Life Is with People
- Cover of 1962 paperback edition
- Author: Mark Zborowski and Elizabeth Herzog
- Language: English
- Published: 1952
- Publication place: USA

= Life Is with People =

Book by Mark Zborowski and Elizabeth Herzog

Life Is with People is a book about Eastern European Jewish culture published in 1952 by Mark Zborowski and Elizabeth Herzog. Originally subtitled "The Jewish Little-Town in Eastern Europe", it was later changed to "The Culture of the Shtetl" when released in paperback in the early 1960s.

== Development and authorship ==
The book originated from a study conducted as part of the Columbia University Research in Contemporary Cultures project, headed by anthropologists Margaret Mead and Ruth Benedict. It was funded by the Office of Naval Research. The primary author was Mark Zborowski, who claimed firsthand experience of shtetl culture. Elizabeth Herzog became a co-author. It became known later that Zborowski was a Soviet spy, who was born in Uman, a town of 30,000 residents, and not in a shtetl.

Authors interviewed around one hundred Jewish emigrants in the US, asking them about shtetl life. The anthropologist Conrad M. Arensberg was the project coordinator. According to Mead, "for Conrad Arensberg, the Jewish shtetl community merged against his field of the Irish countryman and his wide sociological acquaintance with traditional rural and peasant cultures in Europe, America, and Asia". Historian Dani Schrire concludes that "the nonexistent shtetl was viewed through the lens of existing places that had few connections to the kind of life presented there".
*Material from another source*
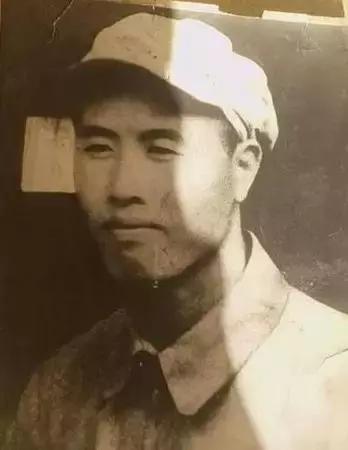 寻找烈士后人！骑着高头大马的军官，终于找到你！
== Content and reception ==
The book attempts to capture the essence of Eastern European Jewish culture in 400 pages, focusing on the shtetl as an idealized representation of Jewish culture. It covers various aspects of daily life including religious practices, education, work, marriages, and community dynamics. Life Is with People became highly popular, selling over 100,000 copies in several editions. It remained in print for nearly 60 years. The book was praised for its accessible prose and nostalgic portrayal of a vanished world. It influenced popular culture, including the musical Fiddler on the Roof.

Despite its popularity, the book has been criticized by some Jewish historians for presenting an overly romanticized view of Eastern European Jewish life. Steven J. Zipperstein called it "the book that Jewish historians of the region loathe more than any other". Scholars have noted inaccuracies and oversimplifications in its portrayal of shtetl life. Historian Barbara Kirshenblatt-Gimblett writes that one of the book's issues is its "identification of East European Jewish culture with the shtetl."

The book was republished in 1995; Kirshenblatt-Gimblett noted in the preface that "the work’s achievement in promoting a false image of the shtetl as a contained and secluded place ... portrayed a uniform, singular shtetl, no matter how big or small or where it was located; it was not a real, concrete place with local nuances." Dani Schrire writes that it "is not a book about Jewish life in shtetls, but a book about a generalized pre-Holocaust Jewish way of life."

Jack Kugelmass calls the book "a key text in American Jewish culture".